A contemporary and rival of Rembrandt, Lievens is considered one of the great Dutch artists of the 17th century. This black chalk portrait of Admiral Tromp shows the naval hero months after his death at the hands of a sniper in the rigging of an enemy English ship.

“When we looked at the design on the light table, the proof was there: the watermark is the same as you see in Rembrandt prints from the 1650s,” Bishop said in a statement, adding that Rembrandt and Lievens shared a studio earlier in their career and had the same paper supplier.

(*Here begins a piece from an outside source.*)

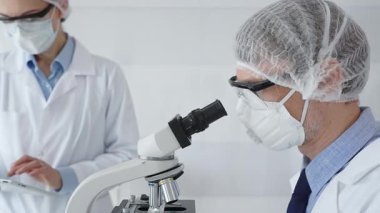 Koruyucu maske takan kıdemli erkek bilim adamı, gözlük ve saç filesi takıyor, mikroskop kullanarak genç bayan meslektaşlarına yardım ediyor, tablet tutuyor ve laboratuvarda notlar alıyor. Tıp ve bilim konsepti.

A watermark is “like the papermaker’s fingerprint and this watermark is special, because before 1650 it did not exist, and after 1660 paper begins to change with the introduction of mechanization”, Bishop continued. “Because this is the same paper that Rembrandt used for his prints, we know more about this paper than any other paper in history. So we have absolute confirmation of the date and monogram on the drawing.

Ceremonial saddlery of an Ottoman emperor (18th century)

Ceremonial upholstery from the Ottoman Empire.  Image courtesy of Kent Antiques London

Ottoman Empire ceremonial upholstery. Image courtesy of Kent Antiques London

Stand: Kent Antiques, London

What it costs: 2 million euros

Why it’s special: This massive and striking set was draped over a life-size model of a horse in the stand of the first exhibitor Kent Antiques. Director Mehmet Keskiner told Artnet News that the equestrian trim was commissioned by Ottoman Sultan Selim III and consists of a saddle, caparison, bridle and trappings. It is the only surviving set of 18th-century Ottoman imperial horse furniture, Keskiner said.

Six decades after its commissioning, it was presented to Prince Albert via Queen Victoria by Sultan Abdülmecid I, in thanks for British support at the Paris Congress in 1856.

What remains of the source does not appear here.